The confusion between peeling and flaking often stems from superficial similarities—both involve zinc coating separation from steel, both create aesthetic concerns, and both may compromise long-term corrosion protection. However, the underlying metallurgical processes, characteristic appearances, remaining coating configurations, and root causes differ substantially between these two phenomena. Mastering these distinctions enables informed decision-making about steel selection, galvanizing process parameters, handling practices, and quality acceptance criteria.
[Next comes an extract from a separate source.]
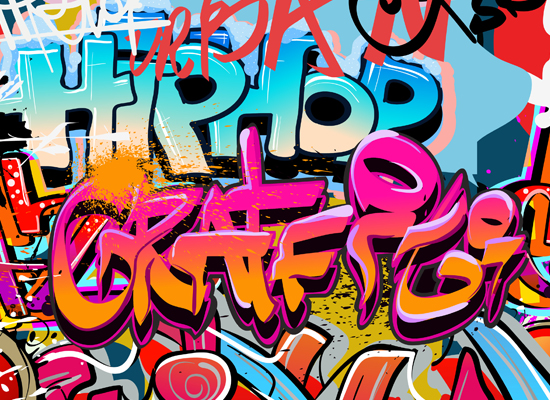 Grafiti-INT/ Crédito: Banana Republic Fotolia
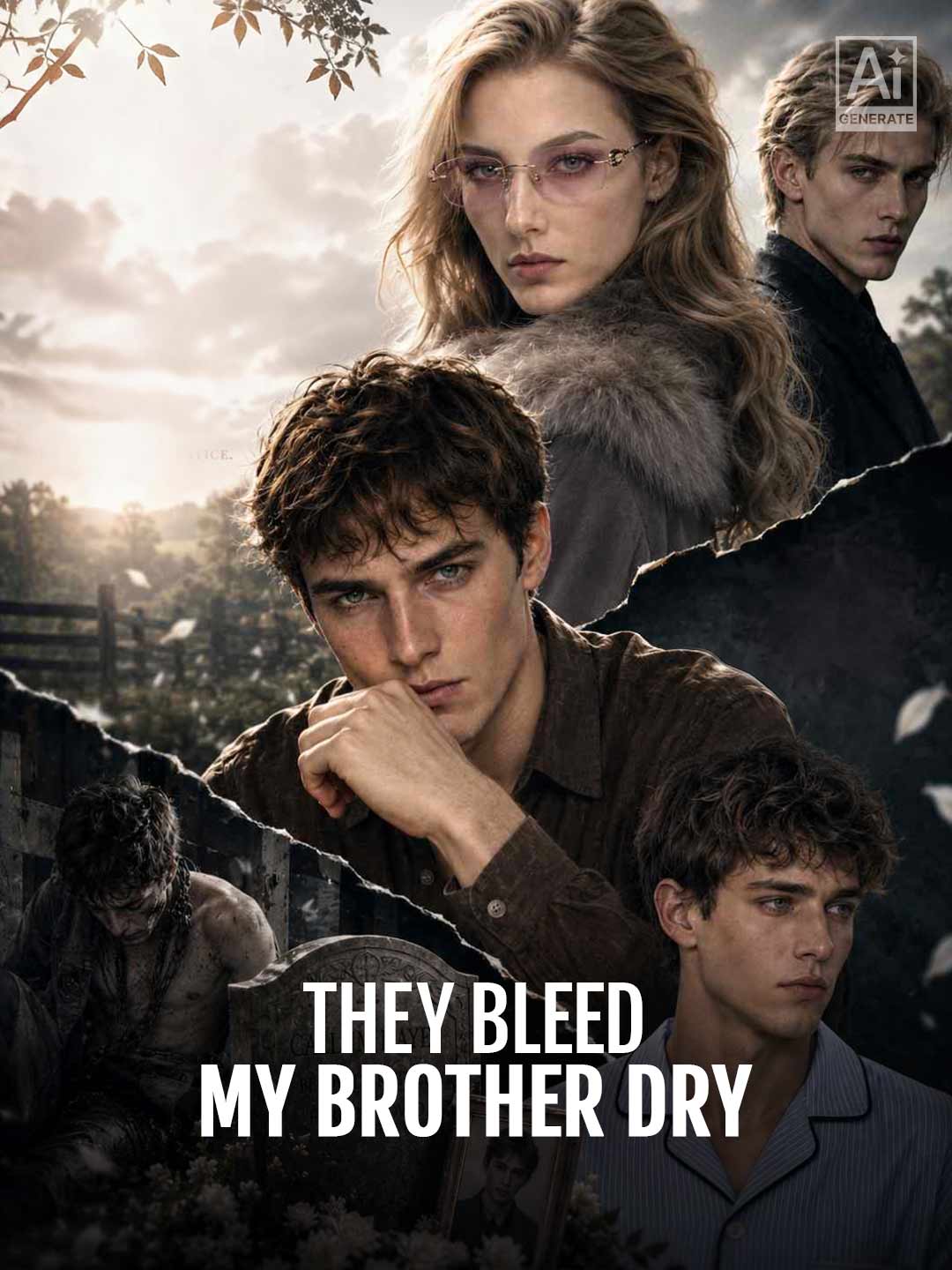 They Bleed My Brother Dry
The Layered Structure of Hot-Dip Galvanized Coatings
Before examining peeling and flaking mechanisms, understanding the fundamental structure of hot-dip galvanized coatings provides necessary context. When steel enters molten zinc at galvanizing temperature—approximately 840°F (449°C)—a metallurgical reaction occurs between iron and zinc, producing a multi-layered coating structure growing outward from the steel substrate.
The Gamma (Γ) Layer
Immediately adjacent to the steel substrate, the gamma layer forms as the initial reaction product between iron and zinc. This layer comprises approximately 75% zinc and 25% iron by weight, representing the highest iron content of any coating layer. The gamma layer establishes the primary bond between the galvanized coating and steel substrate, typically exhibiting exceptional adhesion through direct metallurgical bonding at the atomic level.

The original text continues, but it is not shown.